A travers huit destins parallèles, Cesc Gay s’amuse subtilement à révéler l’égarement et l’anxiété de ces quadragénaires. Dans un mélange d’humour et de compassion, il croque leurs émotions branlantes autant que leurs incertitudes. La plupart de ses protagonistes ont la nostalgie du lycée, des amours faciles et des virées entre copains, mais le réalisateur les remet tous en place en leur montrant que le temps de l’insouciance est bel et bien terminé : ces pauvres quadra du XXIe siècle ont à affronter un travail abrutissant, des épouses émancipées et des enfants égoïstes … La plupart sont d’ailleurs divorcés ou en instance de divorce pour cause d’adultère. D’un côté, il y a les maris trompeurs éjectés hors du foyer et de l’autre, les cocus qui tentent de comprendre ce qui leur arrive en tournant en rond : dans les deux cas, ces amants sont malheureux car, pour eux, il est aussi difficile de porter des cornes que de résister à toutes les belles créatures déambulant sur terre.

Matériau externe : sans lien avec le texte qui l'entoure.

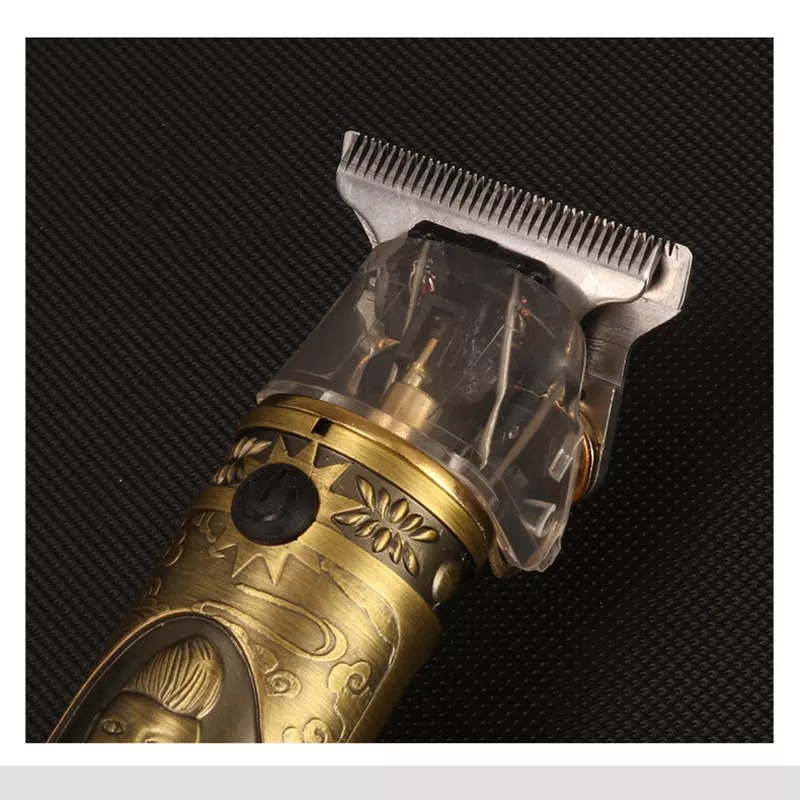 Kemei Professional Hair Clipper Kemei Metal Body Zero Gauge KM-700B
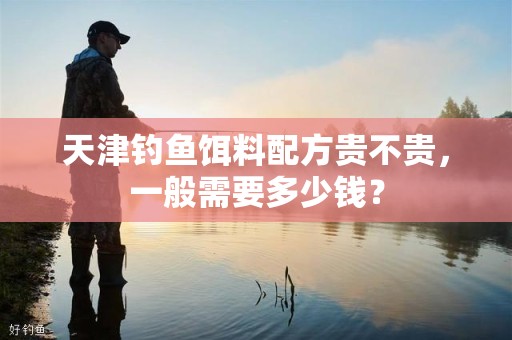 天津钓鱼饵料配方贵不贵，一般需要多少钱？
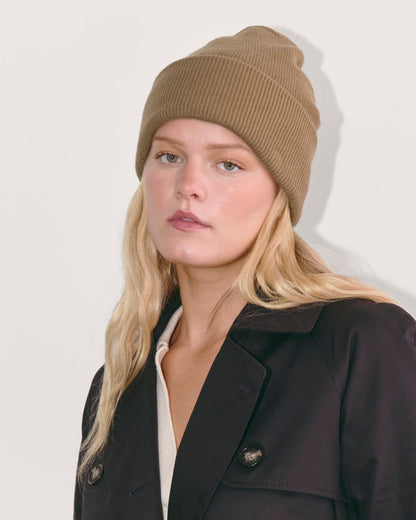 The Cabin Beanie | Tiger's Eye
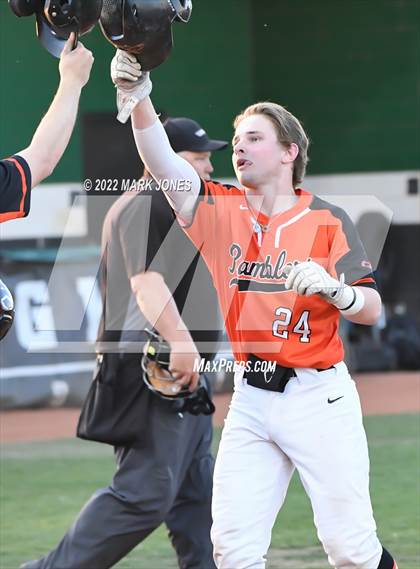 Thumbnail 3 in Cathedral Prep vs. Payson (Wolves Classic Tournament) photogallery.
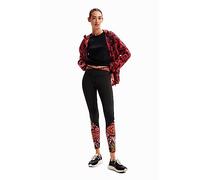Desigual Legging maripo Pantalon décontracté, Noir, XX-Large Femme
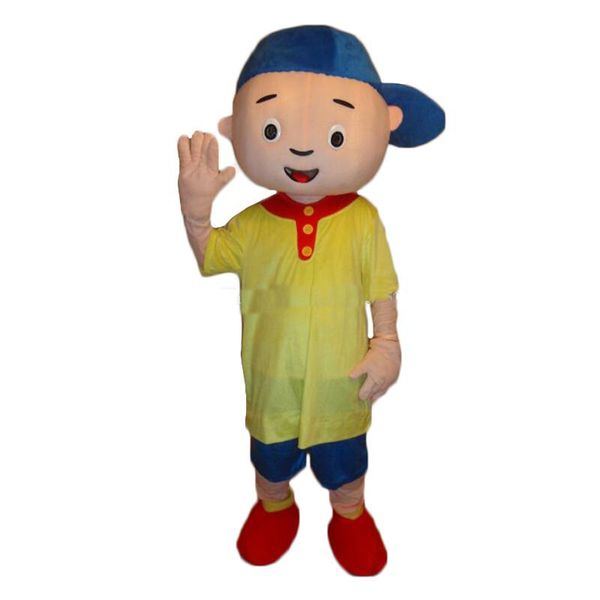 Venda direta da fábrica Caillou traje da mascote tamanho adulto Caillou traje da mascote frete grátis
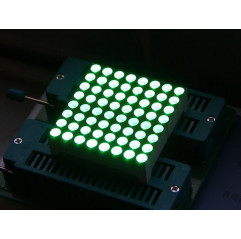 38mm 8*8 square matrix LED matched with Grove - Green Common Anode - Seeed Studio Grove19010461 DHM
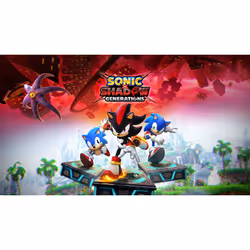 SEGA Sonic X Shadow Generations Standard Cinese semplificato, Cinese tradizionale, Tedesca, Inglese, ESP, Francese, Giapponese, Coreano, Polacco, POR-BRA, Russo, Tailandese PlayStation 5
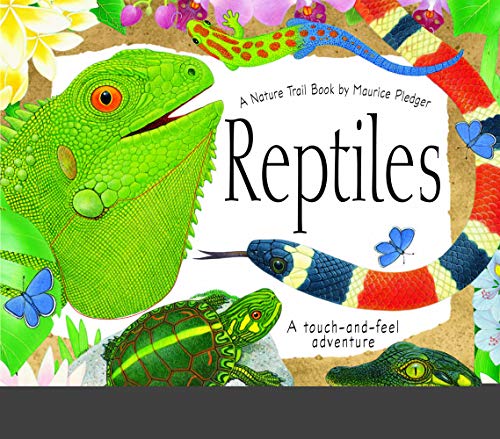 Reptiles: A Maurice Pledger Nature Trail Book (9781592233595) by Wood, A.J.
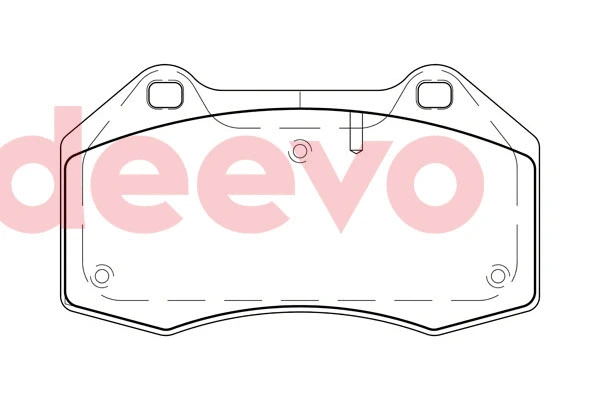 Brake Pad Set, disc brake (BP85020)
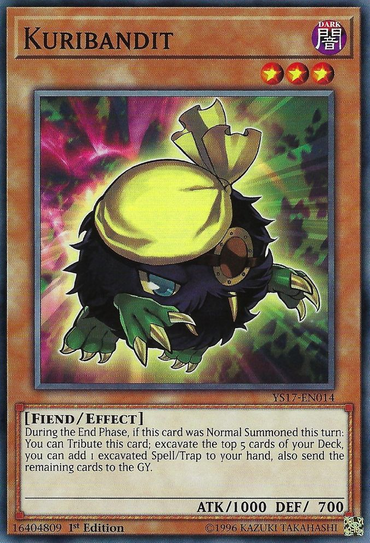 Kuribandit [YS17-EN014] Common 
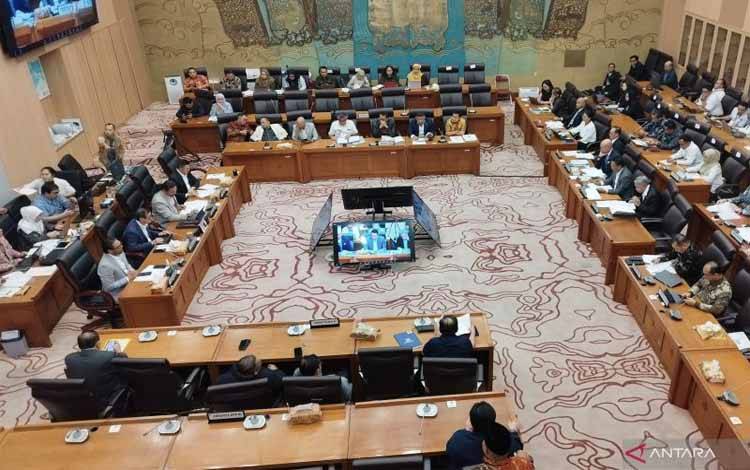 Pansus DPR Setuju untuk Mulai Bahas RUU Hukum Perdata Internasional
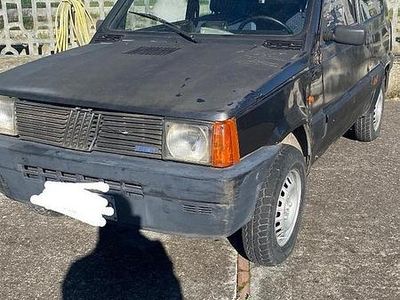 Usata Fiat Panda 1983 Grigio Utilitaria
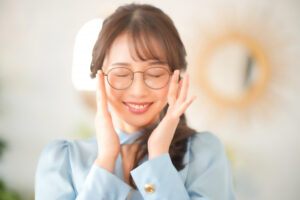 遠近両用メガネで変わる快適な生活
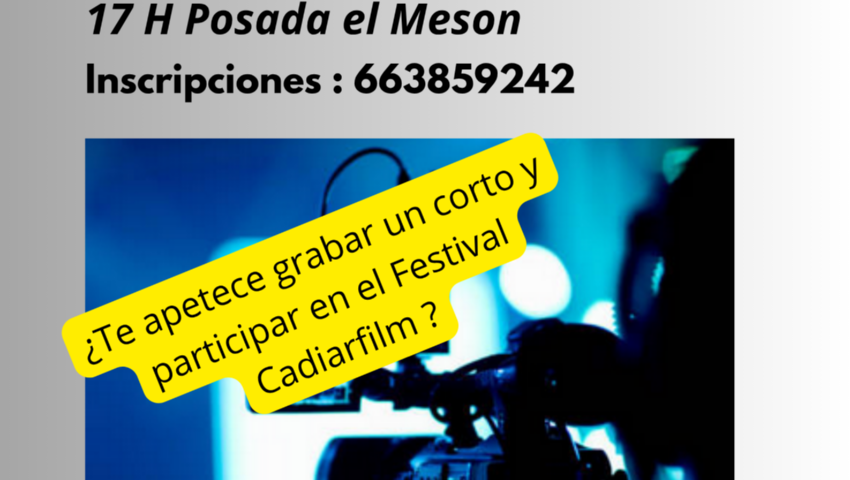 TALLER DE CREACION DE AUDIOVISUALES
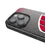University of Wisconsin Badgers Linen Bling Phone Case for Apple iPhone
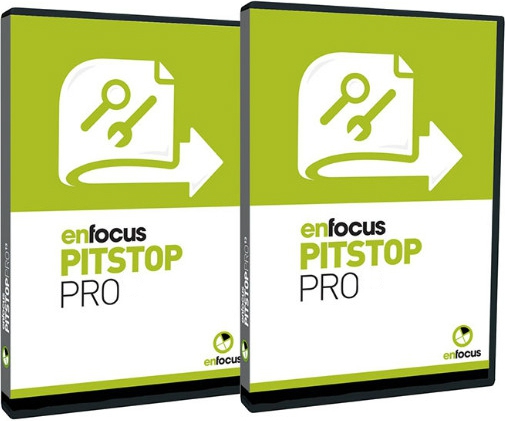 โปรแกรมตรวจสอบไฟล์ PDF ก่อนเข้ากระบวนการพิมพ์ รุ่นซื้อขาด Enfocus PitStop Pro 2023 - Perpetual License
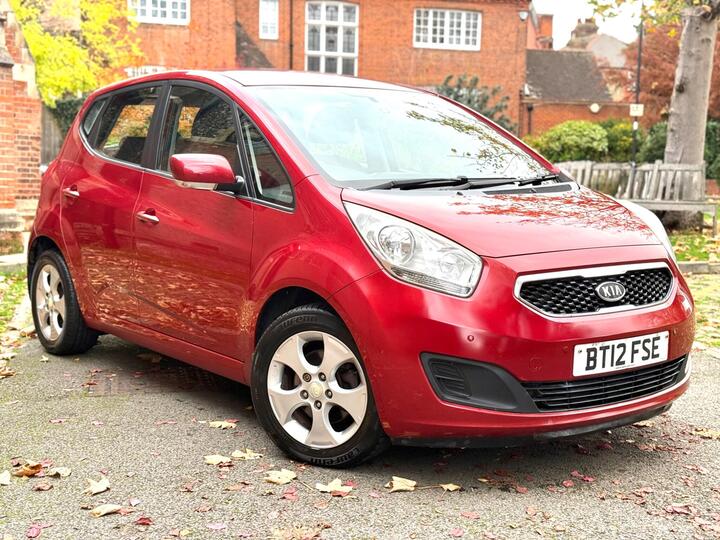 Kia Venga 1.4 EcoDynamics 2 Euro 5 (s/s) 5dr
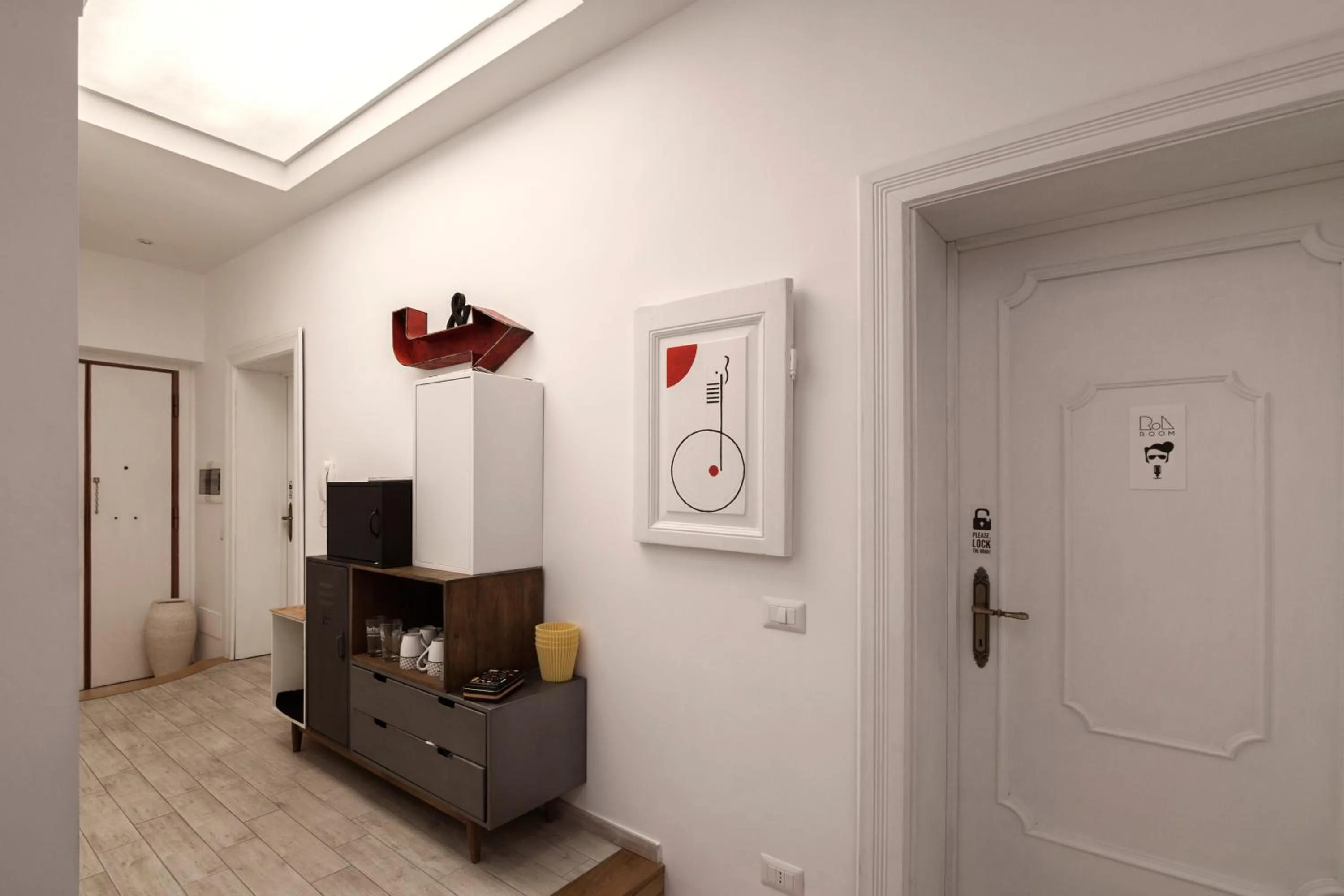 Decorative detail in Room of Arts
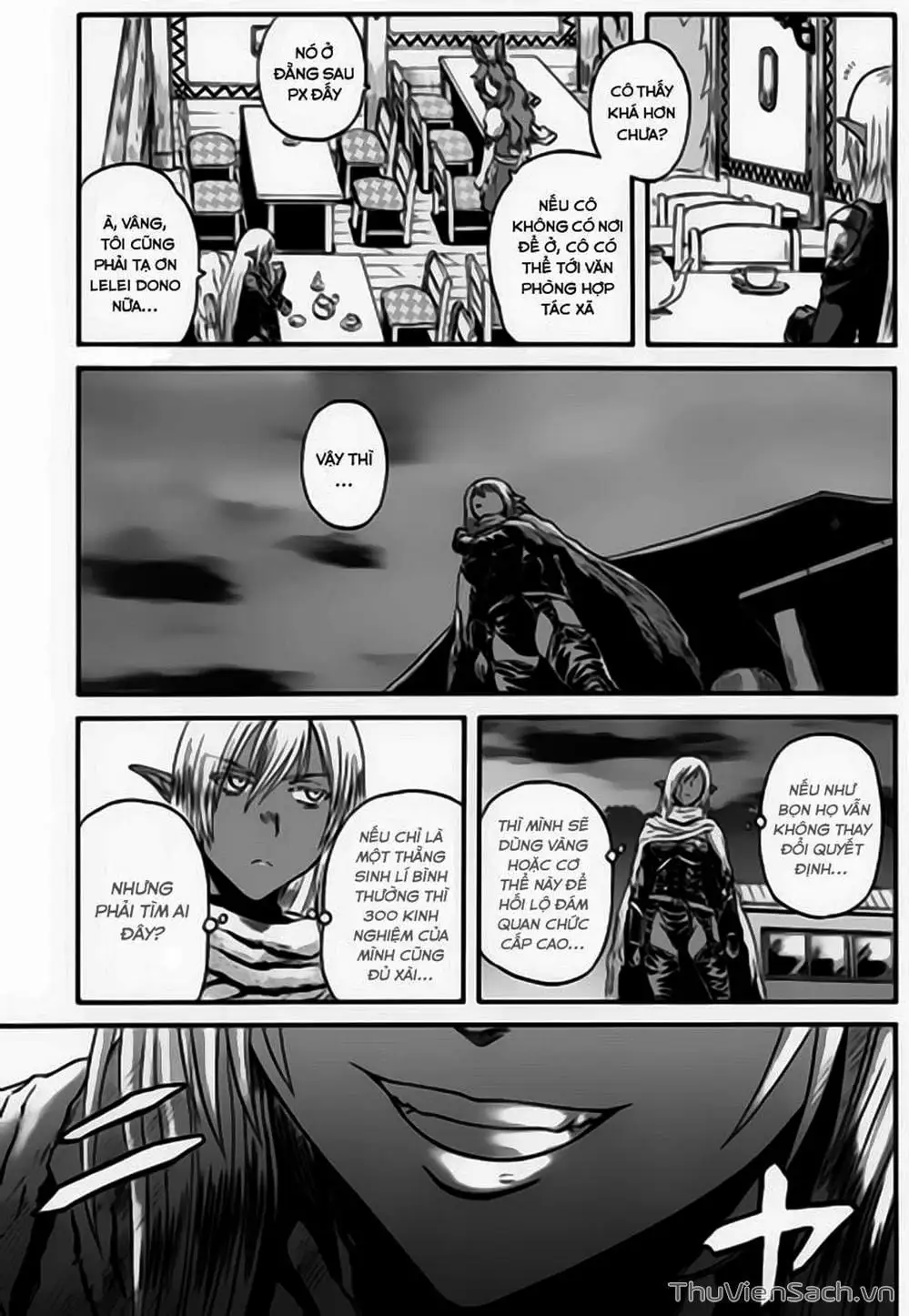 Truyện Tranh Phía Sau Cánh Cổng Bóng Tối Của Hư Không! trang 6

Afin de faire face à la déprime qui les guette, certains ont opté pour le psy, d’autres ingurgitent des billes homéopathiques, d’autres encore font du footing trois fois par semaine; et puis, il y a ceux qui s’effondrent et finissent par panser leurs plaies à l’alcool fort…
A travers ce bel échantillon de figures masculines, le réalisateur a l’audace de révéler une facette habituellement cachée et préservée des hommes: en les laissant parler sans honte ni inhibition, il lève le voile non seulement sur leur fragilité mais aussi sur la part de « féminité » qui les constitue. A bien les écouter, on se rend compte que ces messieurs cachent un coeur et beaucoup de sentimentalité derrière le visage viril qu’ils laissent éternellement apparaître. Certains savent même pleurer, comme nous le prouvent les belles larmes du si séduisant Leonardo Sbaraglia!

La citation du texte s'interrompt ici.